REPUBLIKA.CO.ID, DENPASAR - Wakil Gubernur Bali Ketut Sudikerta mengajak tokoh-tokoh pariwisata di daerah itu untuk mengembangkan kawasan Bali bagian utara, sebagai salah satu upaya memperkecil ketimpangan pembangunan maupun kesejahteraan masyarakat.

"Jika ini dibiarkan terus, maka akan terus terjadi ketimpangan dan kemiskinan meningkat. Jadi, ayo bantu pemerintah untuk ikut mengembangkan Buleleng," kata Sudikerta saat menggelar pertemuan dengan sejumlah tokoh-tokoh pariwisata, di Denpasar, Kamis.

Menurut dia, masih banyak potensi di Kabupaten Buleleng (Bali utara) yang bisa dikembangkan untuk kepentingan pariwisata. Kalau pengembangan sekarang yang baru tertuju pada wisata marina, khususnya lumba-lumba, itupun dinilai kurang optimal. "Di sana masih diperlukan wisata alternatif seperti wisata olahraga hingga wisata spiritual.

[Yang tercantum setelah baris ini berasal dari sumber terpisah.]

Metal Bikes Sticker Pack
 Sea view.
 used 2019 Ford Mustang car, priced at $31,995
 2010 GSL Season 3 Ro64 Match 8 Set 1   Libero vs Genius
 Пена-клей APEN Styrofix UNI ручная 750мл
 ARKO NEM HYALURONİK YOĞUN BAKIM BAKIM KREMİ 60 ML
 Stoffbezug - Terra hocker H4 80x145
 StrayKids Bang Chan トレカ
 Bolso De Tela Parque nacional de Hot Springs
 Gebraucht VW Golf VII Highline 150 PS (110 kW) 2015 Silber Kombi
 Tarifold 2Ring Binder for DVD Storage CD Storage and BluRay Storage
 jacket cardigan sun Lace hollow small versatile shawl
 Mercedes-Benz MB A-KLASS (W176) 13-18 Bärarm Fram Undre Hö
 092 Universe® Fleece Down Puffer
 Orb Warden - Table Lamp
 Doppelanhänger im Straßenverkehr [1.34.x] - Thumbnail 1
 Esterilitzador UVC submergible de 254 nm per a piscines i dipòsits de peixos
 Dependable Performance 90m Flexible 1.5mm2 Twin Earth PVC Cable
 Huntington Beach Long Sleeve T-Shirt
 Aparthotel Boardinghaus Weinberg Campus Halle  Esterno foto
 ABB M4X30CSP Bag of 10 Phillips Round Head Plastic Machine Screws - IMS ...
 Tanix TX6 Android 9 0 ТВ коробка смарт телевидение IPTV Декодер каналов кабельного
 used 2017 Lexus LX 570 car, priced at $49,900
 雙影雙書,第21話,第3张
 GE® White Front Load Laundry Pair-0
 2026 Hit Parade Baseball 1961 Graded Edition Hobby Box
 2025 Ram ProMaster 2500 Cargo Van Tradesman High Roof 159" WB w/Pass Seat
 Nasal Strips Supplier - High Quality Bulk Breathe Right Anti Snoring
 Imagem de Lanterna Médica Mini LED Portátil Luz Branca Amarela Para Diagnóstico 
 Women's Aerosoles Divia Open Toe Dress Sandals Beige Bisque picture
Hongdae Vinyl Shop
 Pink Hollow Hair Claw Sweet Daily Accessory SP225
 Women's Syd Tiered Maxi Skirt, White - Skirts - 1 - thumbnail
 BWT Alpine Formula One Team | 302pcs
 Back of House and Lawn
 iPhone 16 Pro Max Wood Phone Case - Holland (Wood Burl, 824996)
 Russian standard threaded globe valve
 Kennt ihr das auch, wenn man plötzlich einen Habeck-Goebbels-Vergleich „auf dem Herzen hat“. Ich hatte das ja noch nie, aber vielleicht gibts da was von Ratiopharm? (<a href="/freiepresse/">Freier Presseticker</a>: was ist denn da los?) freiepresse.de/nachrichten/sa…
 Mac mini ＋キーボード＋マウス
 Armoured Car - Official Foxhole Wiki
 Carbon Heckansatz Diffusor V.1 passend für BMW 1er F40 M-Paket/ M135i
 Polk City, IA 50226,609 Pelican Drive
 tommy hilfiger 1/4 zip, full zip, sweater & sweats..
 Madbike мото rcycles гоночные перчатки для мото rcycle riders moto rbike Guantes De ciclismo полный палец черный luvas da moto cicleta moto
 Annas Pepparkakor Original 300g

Lama-lama wisatawan akan bosan juga kalau kepariwisataannya tidak dikembangkan," ujarnya.

Apalagi, ucap dia, di Kabupaten Buleleng juga ada tanah milik Pemprov Bali seluas 600 hektare. Dia mengusulkan agar tokoh pariwisata dan para pengusaha asal Bali dapat membentuk konsorsium untuk mengelola tanah tersebut menjadi kawasan wisata terpadu, seperti halnya di ITDC Nusa Dua, Kabupaten Badung.

Sudikerta berpandangan bahwa di tengah tantangan pariwisata internasional maupun daerah-daerah tetangga Bali yang terus berbenah, maka Bali juga harus segera mencari solusi terhadap sejumlah persoalan kepariwisataan yang dihadapi. "Jika tidak, maka Bali akan tergerus. Sekarang saja lama tinggal (length of stay) wisatawan sudah berkurang menjadi hanya rata-rata tiga hari, karena dua hari dimanfaatkan wisatawan untuk berlibur ke daerah tetangga Bali yang menawarkan harga lebih murah dengan kualitas yang bagus," ucapnya.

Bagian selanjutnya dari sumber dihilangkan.